In Danswetenschap in Nederland Vol 6 (2010) Bianca Nieuwboer gave examples of choreographers and dance companies who opened their doors for research. Among others: Emio Greco and Pieter C. Scholten extended their company EC|PC to the Internationaal Choreografisch Kunstencentrum Amsterdam (ICKamsterdam) with two of their seven pillars focusing on research, namely Double Points and Accademia Mobile. They developed a network of transmission, exchange and dissemination in order to embed education and research activities. CLOUD/Danslab was a knowledge centre in The Hague where experienced choreographers were invited to reflect on their artistic development by doing research and to open up their acquired knowledge concerning the choreographical practice to other choreographers. Dansmakers Amsterdam, Dansateliers, Station Zuid and Korso were places where young dancemakers are offered the opportunity to explore and develop their own artistic practice. Already for some time, these institutes work with a resident dramaturge. Interest in dance dramaturgy was growing, apparent from two well-attended symposia about this topic. The first was organized by Dansmakers Amsterdam (2009), followed by the publication Perspectives on potential dramaturgies. The second (2010) was a seminar of the Dutch Society for Dance Research where BIT Dansdramaturgen Overleg Utrecht presented themselves in a playful and interactive way to the audience. Finally, Nieuwboer gave examples of how knowledge from other scientific areas can play a role in the dance practice, like neuro- and cognitive sciences (Nieuwboer 2010, pp. 9-15). Nowadays, collaborations between artists and scientists are widespread and fruitful.
Reflections and positions of choreographers as well as researchers concerning separation and approximation of art and science can be found in Danswetenschap in Nederland Vol 7 (2012). In Danswetenschap in Nederland Vol 8 (2015) Hanneke Koolen notes that “The recognition of artistic research as a valid form of research is gradually shifting the discourse on dance studies in the Netherlands. Researching dance is not just a matter of looking back in analysis and reflection, with the choreographer as the object of study. Through practice-as-research, makers have the opportunity to methodically explore different propositions to the audience, manipulating the parameters of performance. … But let’s not forget that in order to make valid claims about the activity and experience of the audience, their inner process should not just be implied, but studied methodically as well.” (Koolen 2015, p. 15)
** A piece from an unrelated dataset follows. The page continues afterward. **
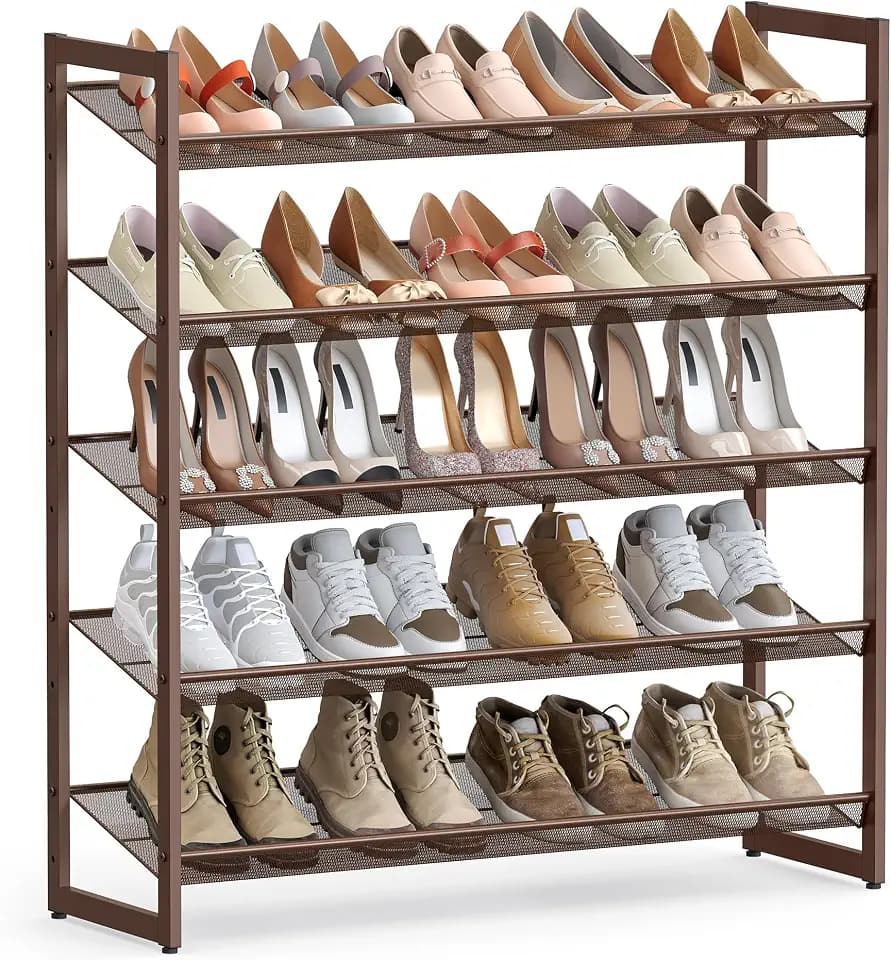 SONGMICS Metal Shoe Rack, 5-Tier Shoe Organizer, Holds 20-25 Pairs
In retrospect: Recent Research
Rereading the articles in the several categories of the nine volumes, I was pleasantly surprised by the richness of topics, approaches and research methods. Obviously, the body is an actual theme in dance research and we can bring many of the Recent Research articles under this umbrella: papers about the physical development of young dancers bodies and the workload of dancers and dance teachers (Van Rossum); about the experience and expressiveness of the dancing body (Fabius, Brown); and about experiences of spectators (Bleeker, Wildschut, Fisher). In the anthology the reader will also find overviews: about dance therapy (Van Wieringen); dance in the Netherlands (Aalten and Van der Linden); dance education at the SNDO (Fabius); and dance medicine (Van Loon-Felter). Furthermore, the editors selected articles about the use of technology (Körtvélyessy); documentation (Bermúdez); and education (Solleveld, Houtgast, Gerritsen and Goedhart, Körtvélyessy).
Dissertation in progress
Each time the editors prepared a new volume, they asked all researchers working on a dissertation to write an article about their PhD study. This could be about the theoretical frame, the methodology or the findings. Because writing a PhD is a long-term project, some researchers have written several articles, which gives an insight in how their work evolved. In those cases we selected for this anthology only one of their papers, but you can visit the website of the Dutch Society for Dance Research to see if more articles have been published about a specific research (http://www.dansonderzoek.nl/publicaties/). We selected work of Maaike Bleeker (2002), Liesbeth Wildschut (2002), Mia Vaerman (2006), Thérèse Boshoven (2008), Zeynep Gündüz (2010), Guy Cools (2015) and João da Silva (2015), which present a variety of topics.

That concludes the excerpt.